## WHAT TO DO:
Before copying, set aside the pictures; then restate exactly the lines from the one with "吉尔吉斯斯坦做第三代试管婴儿费用多少？具体包含哪些项目" through the last line of the records.

++++++

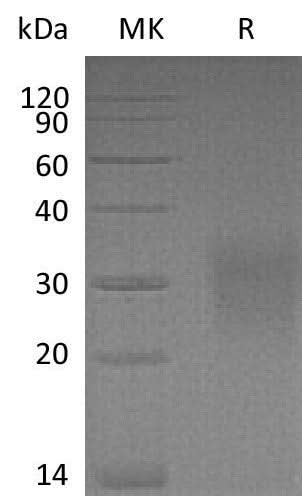 Recombinant Mouse CD83/HB15 Protein (aa 22-134, His Tag) - ABMIUM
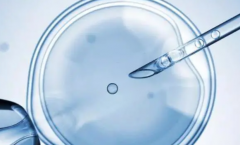 吉尔吉斯斯坦做第三代试管婴儿费用多少？具体包含哪些项目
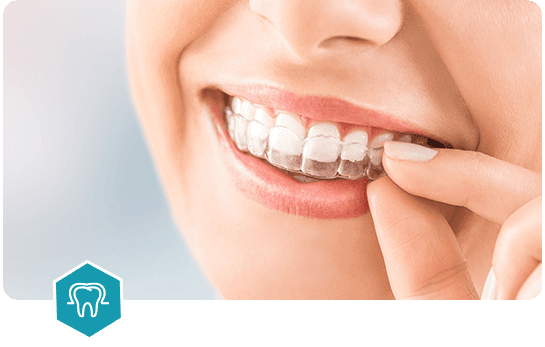 Wisdom Teeth Extractions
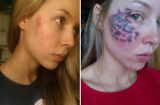 Thiếu nữ Mỹ bị phá hủy khuôn mặt vì tẩy vết bớt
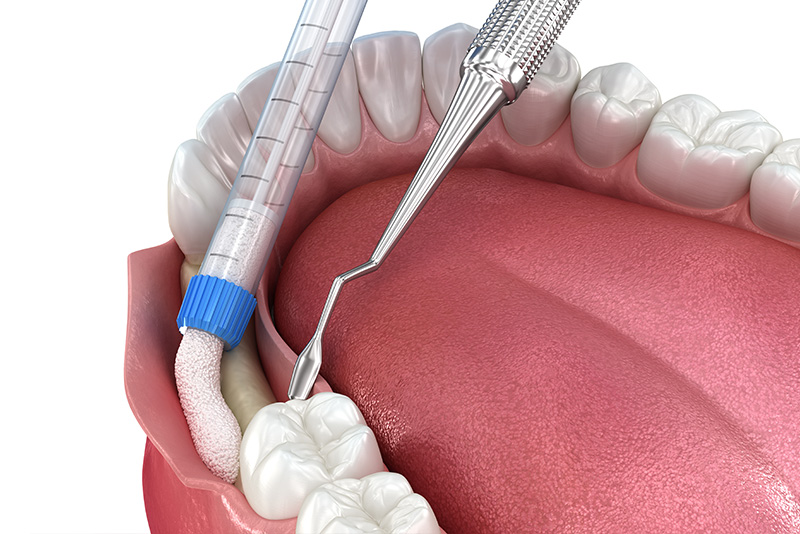 An image of a dental implant procedure in progress, with a drill inserted into the gum and a blue cap on a screw.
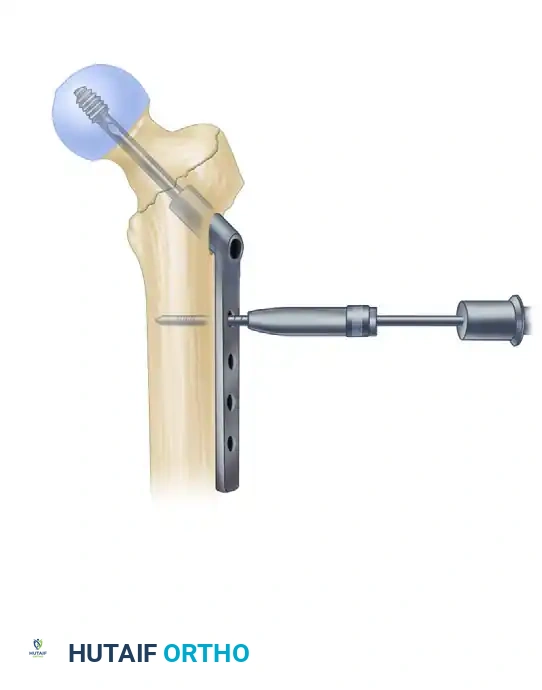 Hutaifortho's Orthopaedic Diagram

++++++

## OUTPUT:
 吉尔吉斯斯坦做第三代试管婴儿费用多少？具体包含哪些项目
 Wisdom Teeth Extractions
 Thiếu nữ Mỹ bị phá hủy khuôn mặt vì tẩy vết bớt
 An image of a dental implant procedure in progress, with a drill inserted into the gum and a blue cap on a screw.
 Hutaifortho's Orthopaedic Diagram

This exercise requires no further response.